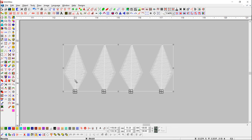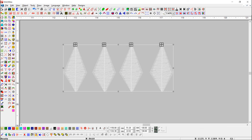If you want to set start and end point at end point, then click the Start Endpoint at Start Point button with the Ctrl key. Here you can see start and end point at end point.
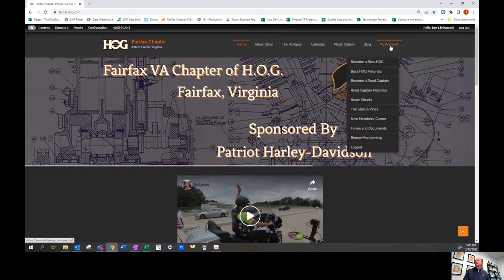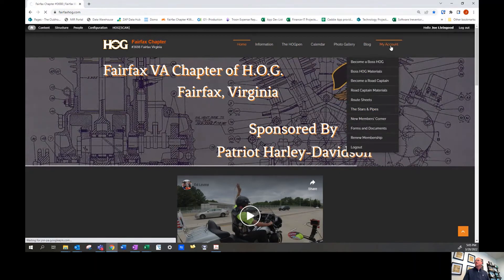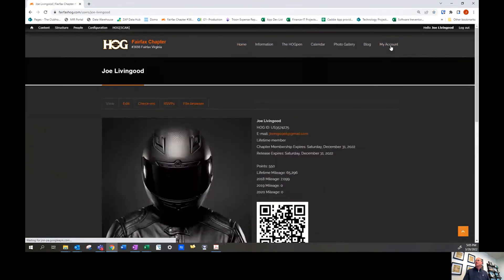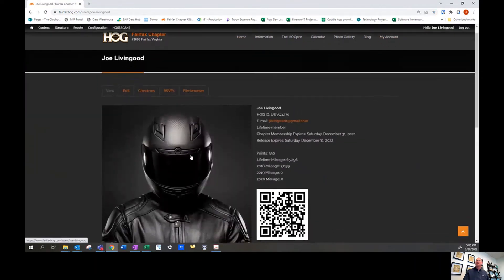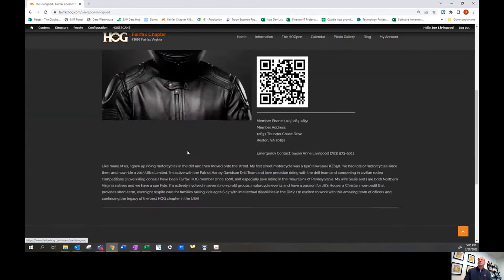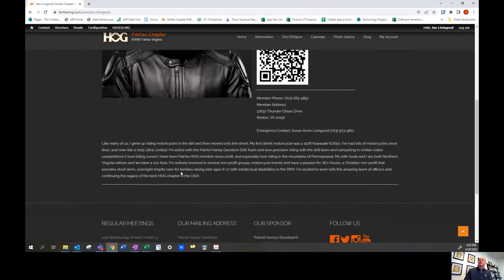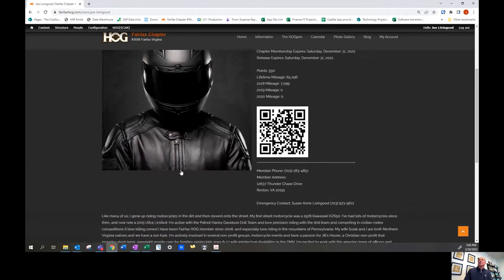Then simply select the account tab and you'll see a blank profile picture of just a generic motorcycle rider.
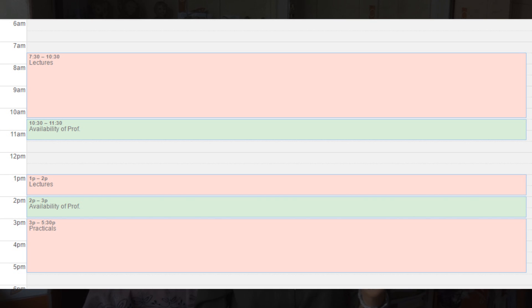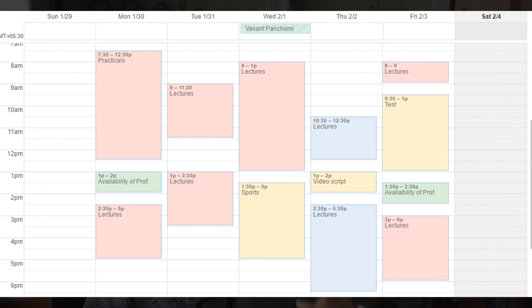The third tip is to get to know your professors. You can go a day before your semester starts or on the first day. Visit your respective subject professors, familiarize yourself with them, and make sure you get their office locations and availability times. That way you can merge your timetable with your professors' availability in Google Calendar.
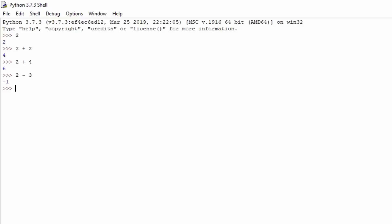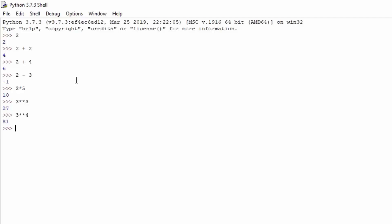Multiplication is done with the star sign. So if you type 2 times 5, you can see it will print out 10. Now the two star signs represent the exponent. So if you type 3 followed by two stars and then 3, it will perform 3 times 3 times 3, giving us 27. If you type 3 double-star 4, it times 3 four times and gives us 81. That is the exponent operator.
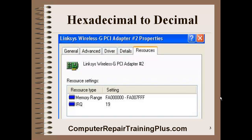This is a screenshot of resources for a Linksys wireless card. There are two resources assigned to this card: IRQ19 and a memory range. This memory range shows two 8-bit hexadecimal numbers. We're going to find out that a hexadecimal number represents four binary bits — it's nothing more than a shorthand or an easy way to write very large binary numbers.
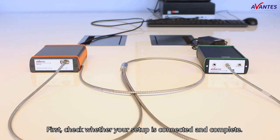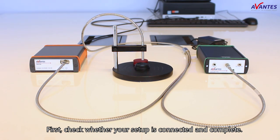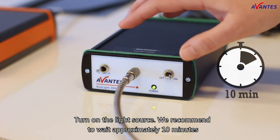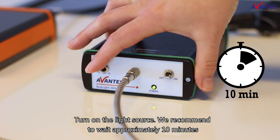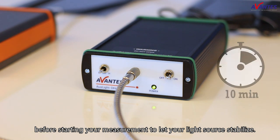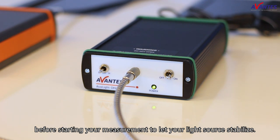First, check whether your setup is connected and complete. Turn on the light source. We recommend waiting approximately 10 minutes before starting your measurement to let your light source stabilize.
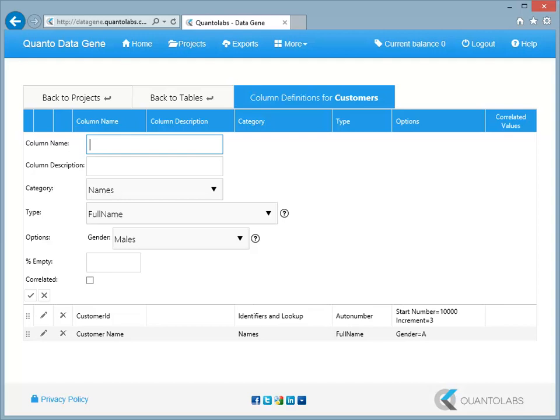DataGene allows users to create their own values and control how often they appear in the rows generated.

━━━━━━━━━━━━━━━━━━━━

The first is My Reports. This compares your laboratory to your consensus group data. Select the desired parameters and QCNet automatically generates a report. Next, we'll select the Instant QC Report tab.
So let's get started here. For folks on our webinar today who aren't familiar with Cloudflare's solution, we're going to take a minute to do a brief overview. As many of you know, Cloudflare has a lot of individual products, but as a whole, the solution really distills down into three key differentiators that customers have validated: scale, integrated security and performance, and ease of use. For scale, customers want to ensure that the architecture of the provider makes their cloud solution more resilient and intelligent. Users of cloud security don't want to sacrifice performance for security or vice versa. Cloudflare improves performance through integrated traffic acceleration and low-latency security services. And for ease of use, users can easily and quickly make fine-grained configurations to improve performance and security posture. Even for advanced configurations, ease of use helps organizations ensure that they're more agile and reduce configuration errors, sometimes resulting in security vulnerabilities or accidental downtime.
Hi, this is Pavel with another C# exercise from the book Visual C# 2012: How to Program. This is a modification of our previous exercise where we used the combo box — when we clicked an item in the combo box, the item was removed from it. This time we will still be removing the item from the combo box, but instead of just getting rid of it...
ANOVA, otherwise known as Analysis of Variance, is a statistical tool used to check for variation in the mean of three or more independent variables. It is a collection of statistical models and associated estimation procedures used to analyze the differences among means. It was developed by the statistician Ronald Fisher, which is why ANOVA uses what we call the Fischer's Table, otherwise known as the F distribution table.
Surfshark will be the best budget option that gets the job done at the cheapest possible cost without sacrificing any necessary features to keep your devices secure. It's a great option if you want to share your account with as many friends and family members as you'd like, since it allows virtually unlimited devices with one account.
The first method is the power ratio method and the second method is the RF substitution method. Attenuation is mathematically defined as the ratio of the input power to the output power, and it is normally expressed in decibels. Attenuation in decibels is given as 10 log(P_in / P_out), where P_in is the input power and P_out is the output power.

━━━━━━━━━━━━━━━━━━━━

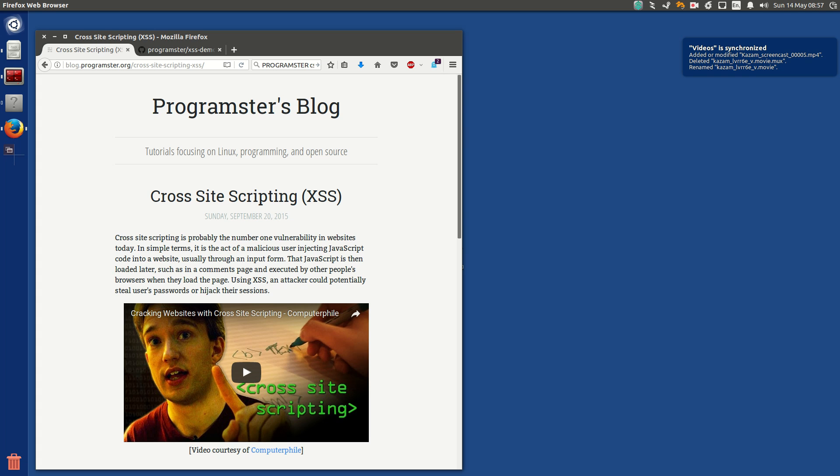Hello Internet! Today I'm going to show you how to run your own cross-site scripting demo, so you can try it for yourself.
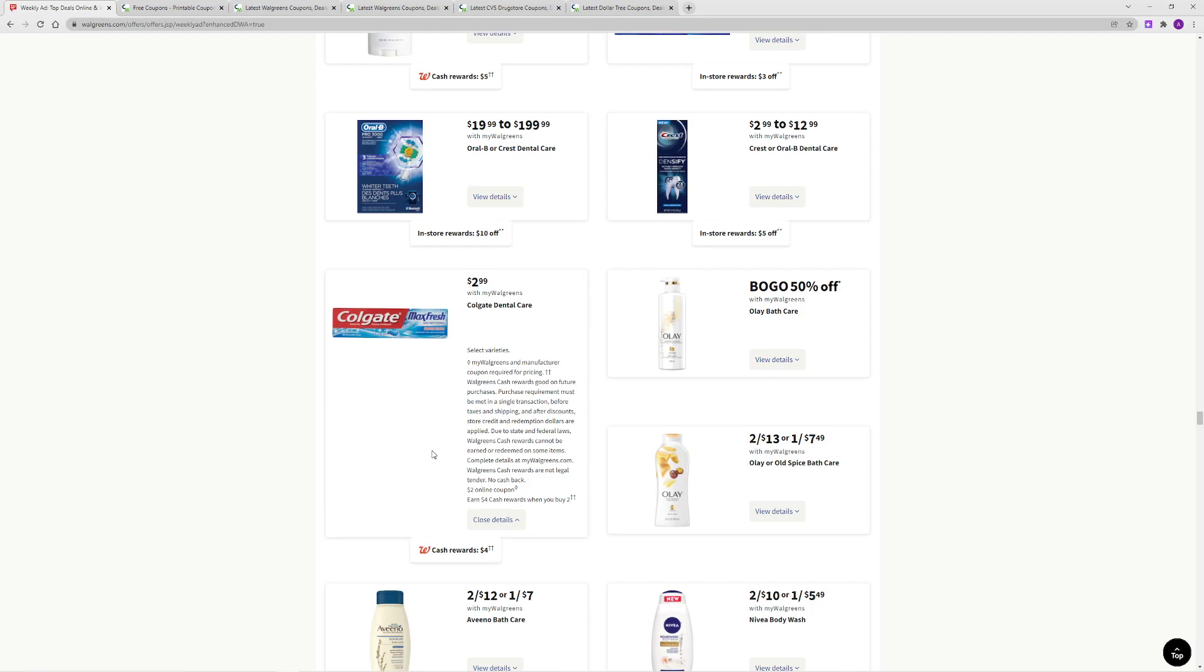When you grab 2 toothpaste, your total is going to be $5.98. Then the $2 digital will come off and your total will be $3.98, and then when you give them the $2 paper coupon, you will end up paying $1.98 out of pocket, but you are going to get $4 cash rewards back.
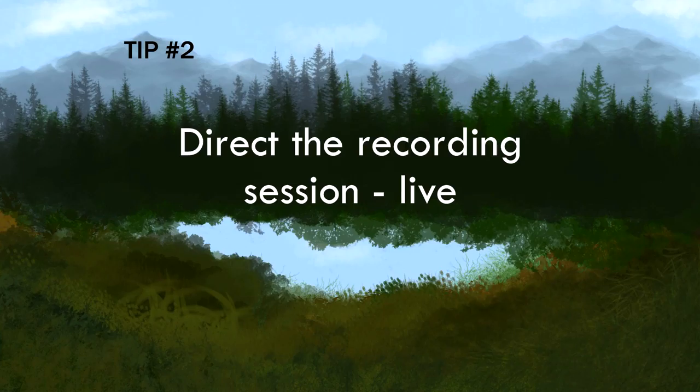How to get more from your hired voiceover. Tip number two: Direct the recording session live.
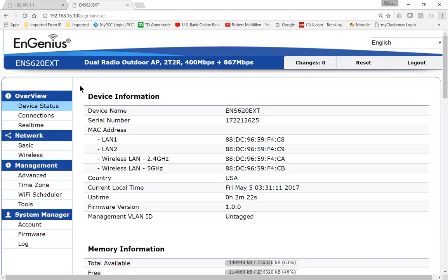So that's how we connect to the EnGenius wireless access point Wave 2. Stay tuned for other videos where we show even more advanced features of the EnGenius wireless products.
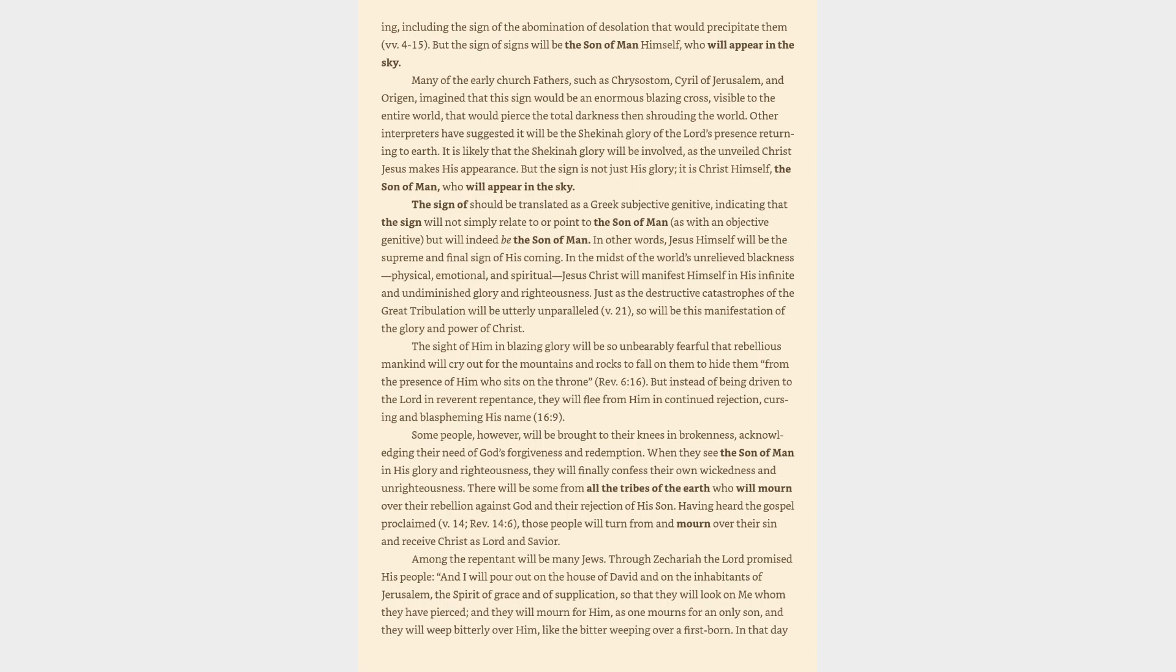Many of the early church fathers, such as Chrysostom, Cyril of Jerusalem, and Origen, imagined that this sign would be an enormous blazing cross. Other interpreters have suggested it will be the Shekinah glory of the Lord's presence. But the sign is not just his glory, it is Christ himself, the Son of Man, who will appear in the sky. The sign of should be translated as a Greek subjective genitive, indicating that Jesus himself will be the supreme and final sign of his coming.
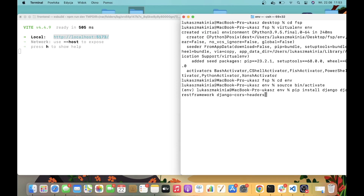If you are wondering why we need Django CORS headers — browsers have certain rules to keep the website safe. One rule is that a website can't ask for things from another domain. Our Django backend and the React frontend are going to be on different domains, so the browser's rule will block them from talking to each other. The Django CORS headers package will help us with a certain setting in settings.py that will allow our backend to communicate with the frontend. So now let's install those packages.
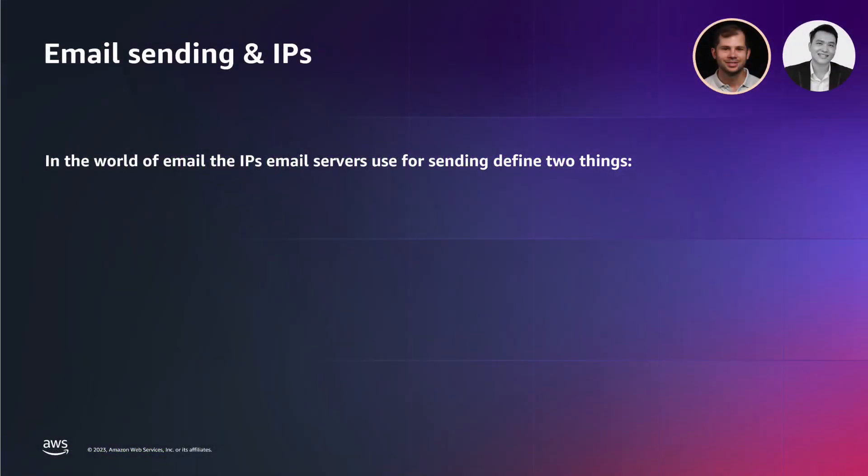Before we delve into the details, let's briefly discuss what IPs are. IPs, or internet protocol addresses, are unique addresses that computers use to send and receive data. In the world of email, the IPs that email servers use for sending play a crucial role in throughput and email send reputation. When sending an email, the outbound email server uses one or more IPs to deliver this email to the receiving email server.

━━━━━━━━━━━━━━━━━━━━

* _Task brief_
Although pictures appear among the records above, write out exactly only the lines from the one that has "Hello Internet! Today" through the one that has "How to get more", and leave the pictures out.

* _Exercise response_
Hello Internet! Today I'm going to show you how to run your own cross-site scripting demo, so you can try it for yourself.
When you grab 2 toothpaste, your total is going to be $5.98. Then the $2 digital will come off and your total will be $3.98, and then when you give them the $2 paper coupon, you will end up paying $1.98 out of pocket, but you are going to get $4 cash rewards back.
How to get more from your hired voiceover. Tip number two: Direct the recording session live.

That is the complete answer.